Harry Styles has ruffled more feathers than his elaborate blouses often have with his latest comment on his sexuality.
Speaking to Better Homes & Gardens, he discussed his right to not reveal the fine details of who he does or doesn’t sleep with to the press, finding the expectation “outdated”.
“I’ve been really open with it with my friends, but that’s my personal experience; it’s mine,” he told the magazine.
“The whole point of where we should be heading, which is toward accepting everybody and being more open, is that it doesn’t matter, and it’s about not having to label everything, not having to clarify what boxes you’re checking.”
Styles’ comments immediately drew both condemnation and applause from social media. Some claimed he’s absolutely right to demand his privacy. While others critiqued his privilege as an ostensibly straight man to be able to remove himself from discussions while still embracing a queer aesthetic.
His critics have often accused him of “queerbaiting”.
What is queerbaiting and why does Harry Styles get accused of it?
The concept of queerbaiting is defined as when someone or something takes the aesthetics of queer culture without a commitment to identifying with LGBT culture at large.
Queerbaiting is especially considered problematic when a queer aesthetic is used to garner the financial support of the LGBT community, without any outwardly queer identifying people associated.
To critics, queerbaiting allows people a free ride on the aesthetic without the personal difficulties associated with openly identifying as queer in a hetronormative world.
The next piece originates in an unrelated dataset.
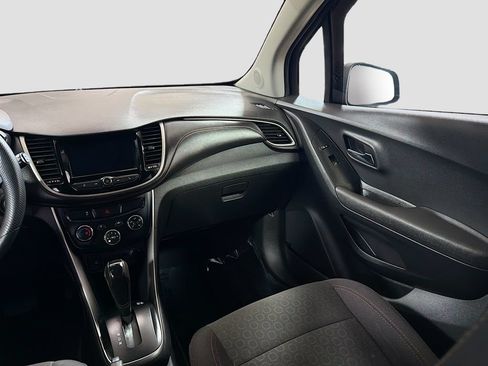Used 2020 Chevrolet Trax LS w/ Tint and Cruise Package FWD image 22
Many of the accusations against Harry Styles started with the release of his second solo album “Fine Line” in 2019. Around this time, his personal style became increasingly flamboyant as he started to add elaborate dresses to his wardrobe.
Not long after Fine Line, Harry Styles started employing radical clothes designer Harris Reed to create the clothes he’d wear on his next tour and for many public events. One of the most notable outfits was one Reed designed for a Vogue cover shoot, a black suit with prominent shoulders under which a white and pink skirt blossomed out.
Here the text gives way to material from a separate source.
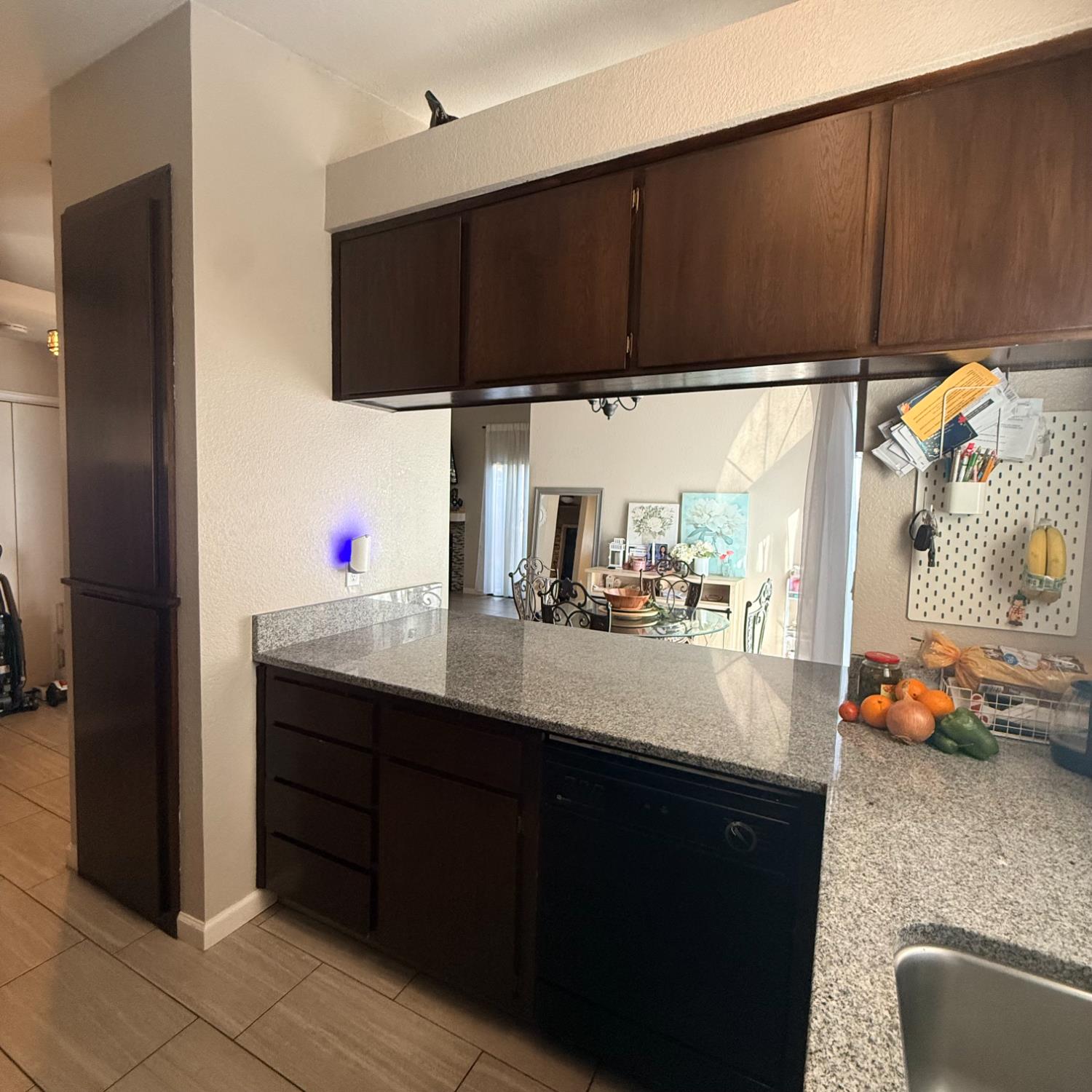 1338 E Castlecrest Ave, Visalia, CA 93292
Styles also co-chaired the 2019 Met Gala which had the theme “What is Camp?” and has been quoted saying “we’re all a little bit gay”.
So it might seem that with Styles’ continued use of queer aesthetics through cross-dressing and his previous statements are at odds with his most recent request to not be labelled.
Multiple people on Twitter expressed frustrations with what they considered queerbaiting.
User @christidavinci wrote: “Translation: I’m a straight man that wants to keep my queerbait marketing strategy”
User @jeromanoff wrote: “That would be nice if that was the case, but queerness is under attack constantly. Especially in some states where u can’t even say gay. We can’t all live in 2050 where ambiguous sexuality is the norm. We are living in 2022 and we need allies who will be loud and stand with us.”
Is the accusation of queerbaiting fair?
Though Styles certainly has his fair share of critics for his comments, there is a deeper discussion about whether his actions are queerbaiting at all.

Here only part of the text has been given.